Madeline woke up Saturday morning with a mind on fire. I love the way children do that. Certain naps, certain sleeps, seem to have perfectly prepared the brain to explode into activity. And Saturday morning she awoke (between Chris and I, as she has many, many days of her life) and spoke lucidly, as if she'd been awake for hours: "Mom. Mom. Why did God make mosquitos?"
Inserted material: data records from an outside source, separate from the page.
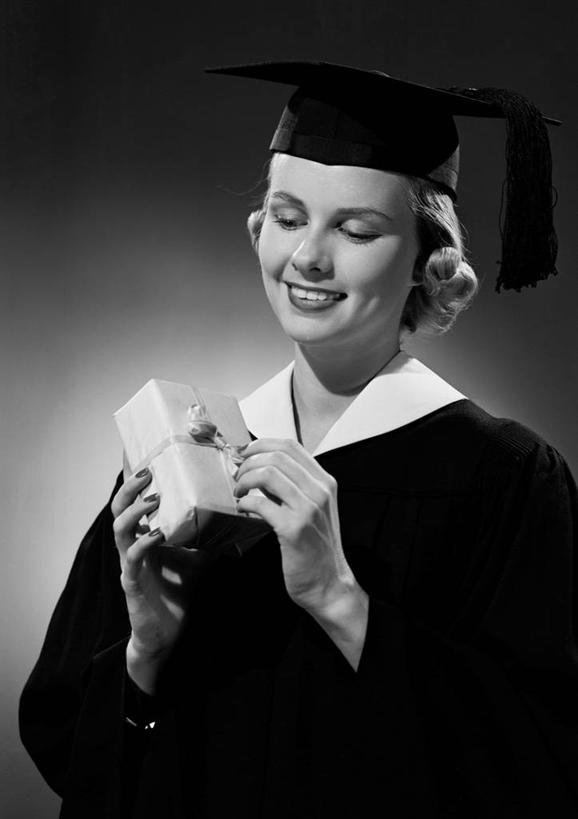 成年人,一个人,学生,站,微笑,竖图,黑白,幸福,骄傲,成功,信心,礼物,仅一个年轻女性,仅一个女性,仅一个人,开,灰色背景,庆祝,包装纸,古典,教育,拿着,注视,盒子,灰色,打开,观察,看,摄影,流苏,观看,惊奇,察看,开启,学士帽,毕业,成就,关注,肖像,学士服,垂布,学士袍,学位帽,年轻女性,女人,女性,年轻人,大学生,半身,影棚拍摄,美人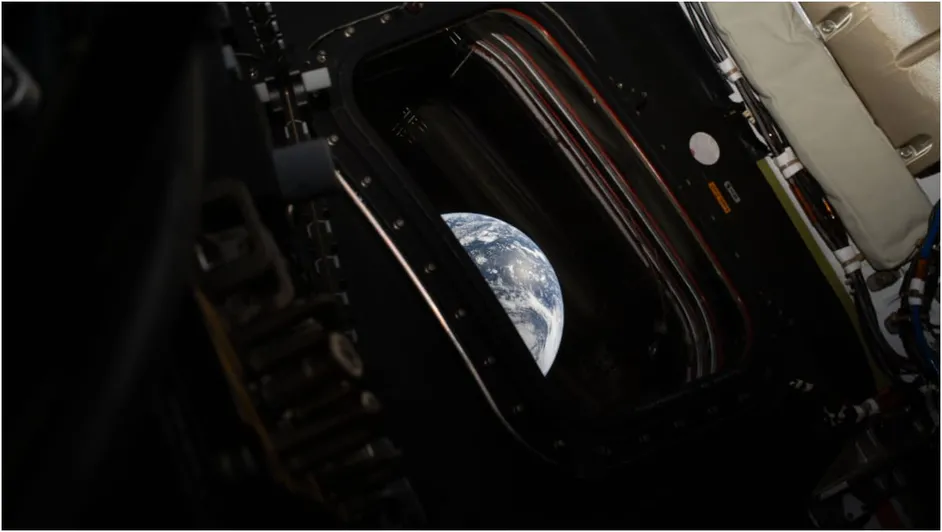 Nave Orion de Artemis II prevé alcanzar el punto más cercano a la superficie lunar este 6 de abril de 2026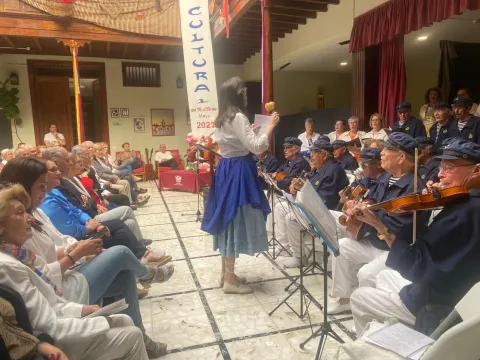 d9c25b55-a98e-4360-81fa-7a0c035b60b3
Now all God-fearing Southerners (and I hear it's also true of a good number of Minnesotans) ask themselves this question regularly, and particularly at the onset of the warm months. It is a rite of passage, and it's a question that is particularly relevant in the early morning. You lie there, a little warmer than you would like, a little too lazy to toss the blanket off, suddenly realizing that you got bit the night before as you sat on the porch appreciating that winter was gone. And now you're too warm and too itchy and you're wondering why God allowed any of this to happen.
Well, it was sin, clearly. Sin came into the world and with it: mosquitos. The evil little demon embodiments of sin and brokenness. So as I lay there, gathering my thoughts to explain this questionable theology to my six year old, she answered her own question. In the quiet she said this: "I think it was because we need to have pain, sometimes. Sometimes, we need to feel pain."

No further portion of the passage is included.